On this week's Power Vertical Briefing (featured below), we look at the aftermath of the protests and the anticipation of the list.
So be sure to tune in!
IN THE NEWS
At least 350 people, including opposition leader Aleksei Navalny, were detained across Russia as they rallied in support of an election boycott on January 28.
The United States and Poland on January 27 took a common stand against a planned gas pipeline linking Russia to Germany, saying it is politicizing energy and undermining attempts to make Europe less dependent on Russian resources.
A Moscow cinema that screened a satirical movie about Soviet dictator Josef Stalin in defiance of an official ban has announced that it will stop showing the film after a raid by police.
U.S. suggestions on deploying a UN mission in war-ravaged eastern Ukraine look quite feasible and Russia will study them carefully, Kremlin aide Vladislav Surkov was quoted as saying by Russian media after meeting with his American counterpart, Kurt Volker.
Vladimir Putin is scheduled to meet with Israeli Prime Minister Benjamin Netanyahu in Moscow today for talks expected to include the Syrian conflict and Iran’s presence in the country.
Yury Dmitriyev, a Russian historian and activist who is being tried on child pornography charges his supporters say are politically motivated, has been released from pretrial custody, Russian media reported.
Two influential Republican senators have urged U.S. President Donald Trump to avoid public comments about the special counsel’s probe into potential contacts with Russia during his 2016 campaign.
The FBI has released dozens of pages from its investigation into the death of Mikhail Lesin, files that largely corroborate earlier police and other reports about the circumstances behind the former Russian press minister's 2015 death.
Finnish President Sauli Niinisto has scored a landslide first-round reelection victory, an apparent vote of confidence for his delicate balancing of managing ties with neighbor Russia and the West.
Pope Francis has visited a Ukrainian Greek-Catholic basilica in Rome, paying tribute to Catholics who perished in Ukraine because of their faith during the time of Soviet rule.
Russia-friendly incumbent Milos Zeman has been reelected president of the Czech Republic for a second five-year term after winning a closely fought, often divisive, election.
NEW POWER VERTICAL BRIEFING
On this week's Power Vertical Briefing, we look at the aftermath of this weekend's protests and Aleksei Navalny's ongoing quest for an election boycott. We also discuss the U.S. Treasury Department's anticipated release of a list of the most politically connected Russian oligarchs, who could be subject to sanctions.
WHAT I'M READING
Russia And The Czech Election
Anastasia Kirilenko has a piece in The Insider looking at Czech President Milos Zeman's ties to the Kremlin.

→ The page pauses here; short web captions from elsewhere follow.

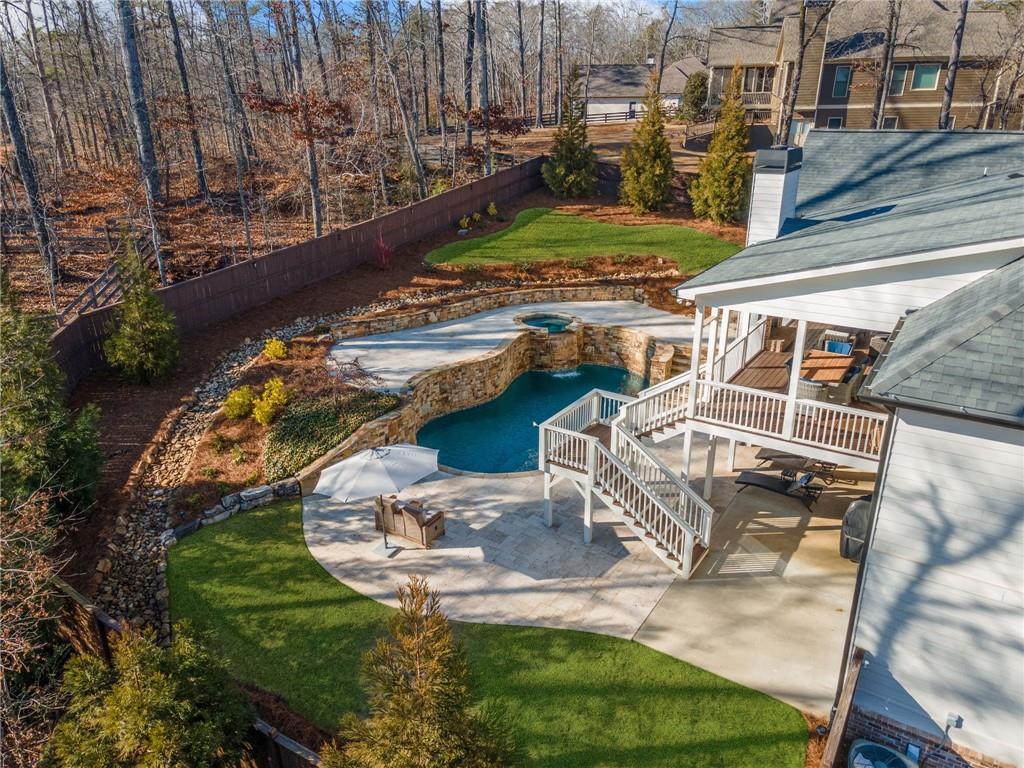 113 Brookfield Court, White, Georgia image 11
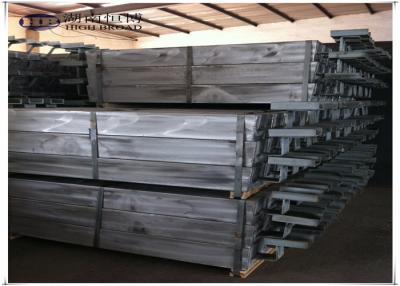 China Aluminum Sacrificial Anode for offshore / onshore engineering project for sale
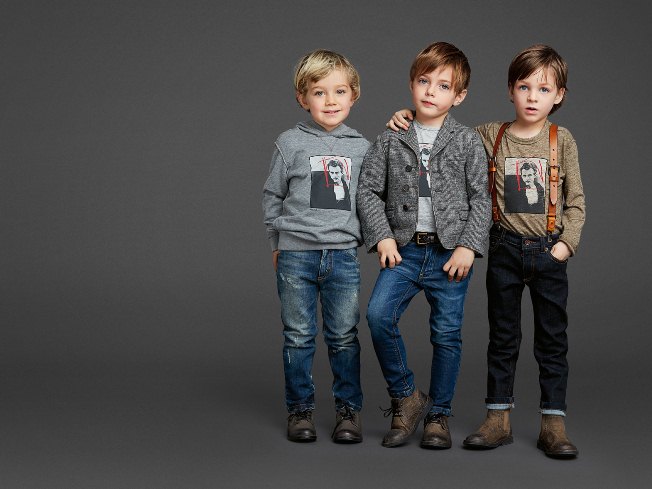 D&G gyermekwinter - Stylekids -  - d&g, gyermekstílus, 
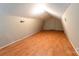Spacious bonus room with laminate flooring and ample storage at 1158 Evans Ave, Rock Hill, SC 29732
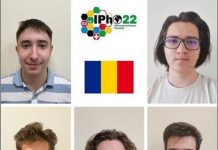 Fizik Olimpiyatlarında da Avrupa’yı geride bırakan Romanya, dünya 2’inciliğini kazandı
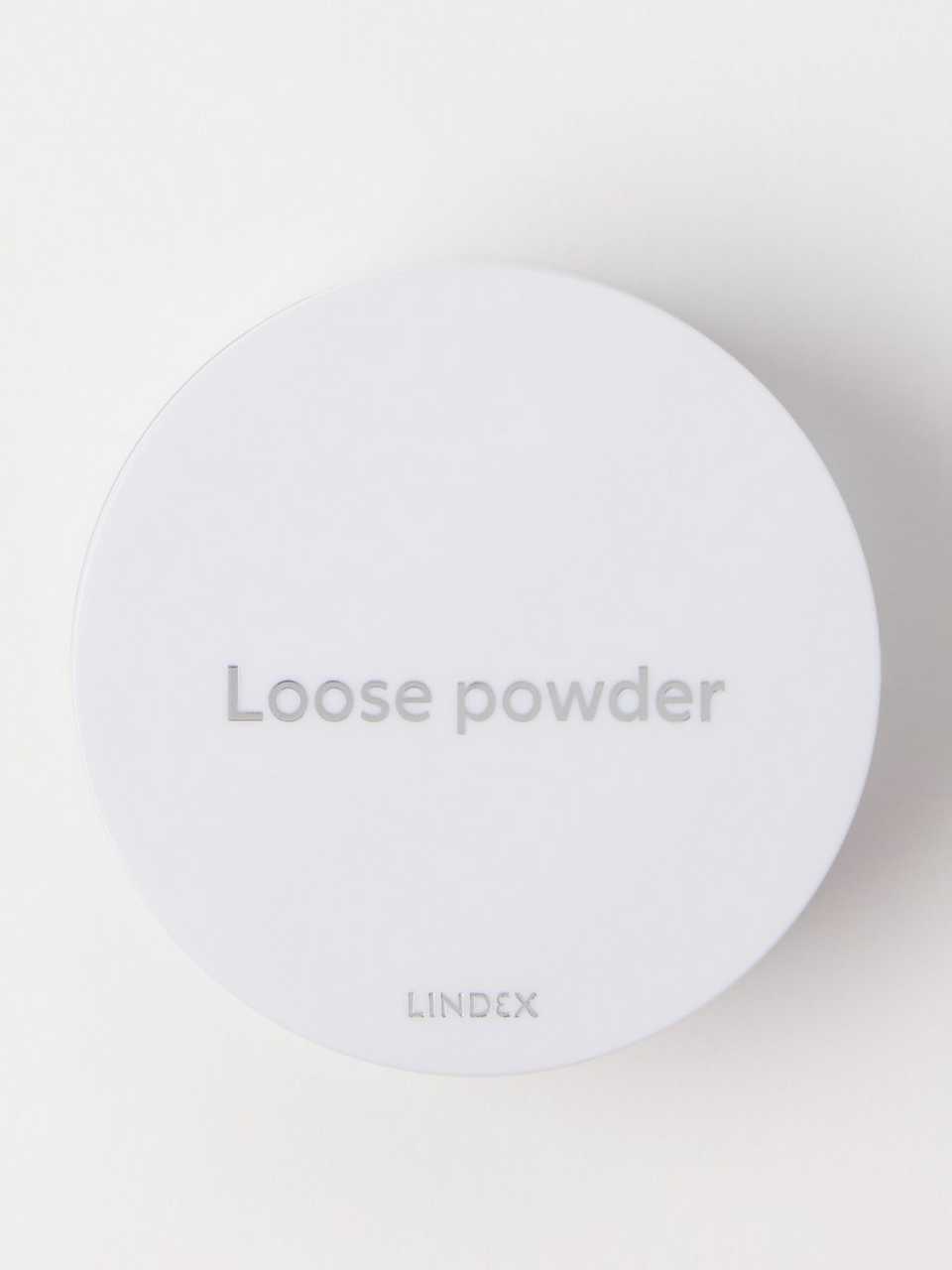 Loose powder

And in his column for Raam Op Rusland, Mark Galeotti of the Institute for International Relations in Prague looks at the reelection of Zeman and what it shows about the "limits and opportunities" of Moscow's meddling.
Sharp Power Vs. Soft Power
In Foreign Affairs, Joseph Nye looks at how "sharp power" threatens "soft power."

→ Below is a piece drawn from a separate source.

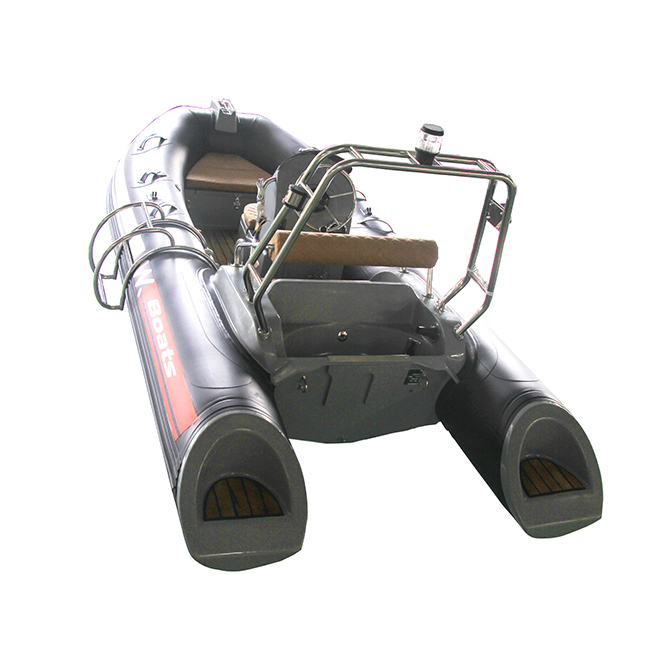 RIB390 PVC/Hypalon/Orca الأليا - مراجعة Fishing Boat Fiberglass وسعره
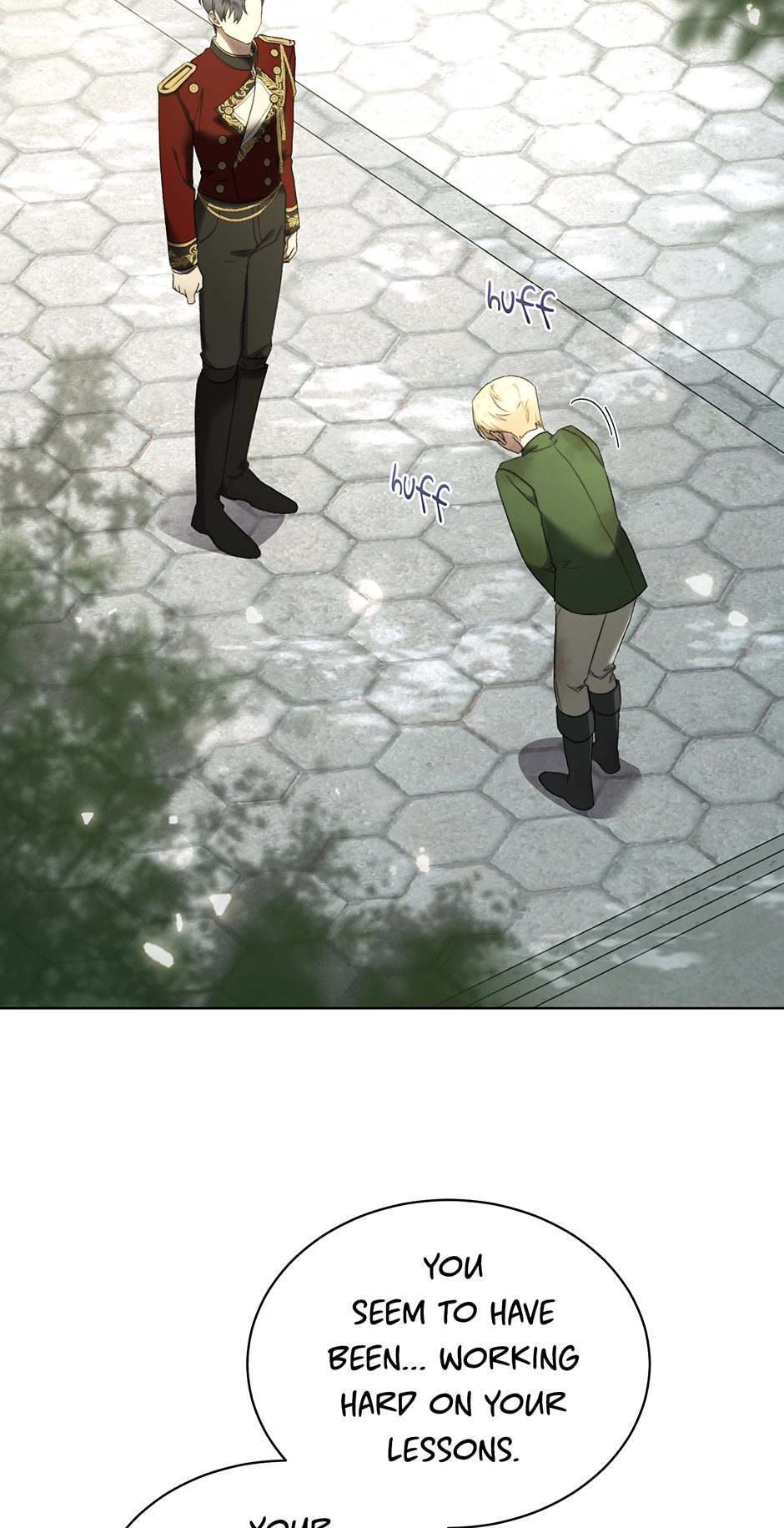 Read How to Satisfy the Devil chapter 27 image 28 on Lezhin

Restructuring The Siloviki?
Ilya Rozhdestvensky has a piece in Novoya Vremya-New Times looking at a possible reorganization of the Russian security services after the presidential election.

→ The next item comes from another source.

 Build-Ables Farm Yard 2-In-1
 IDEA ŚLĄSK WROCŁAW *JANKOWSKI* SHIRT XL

Protests And The Putin System
In his column for Republic.ru, political commentator and opposition journalist Oleg Kashin looks at how opposition protests are becoming an inexorable part of the Putin system.
The Dossier And The Kremlin's Playbook
In The Wall Street Journal, former CIA official Daniel Hoffman argues that the tactics outlined in the so-called "Steele Dossier" fit the Kremlin's playbook.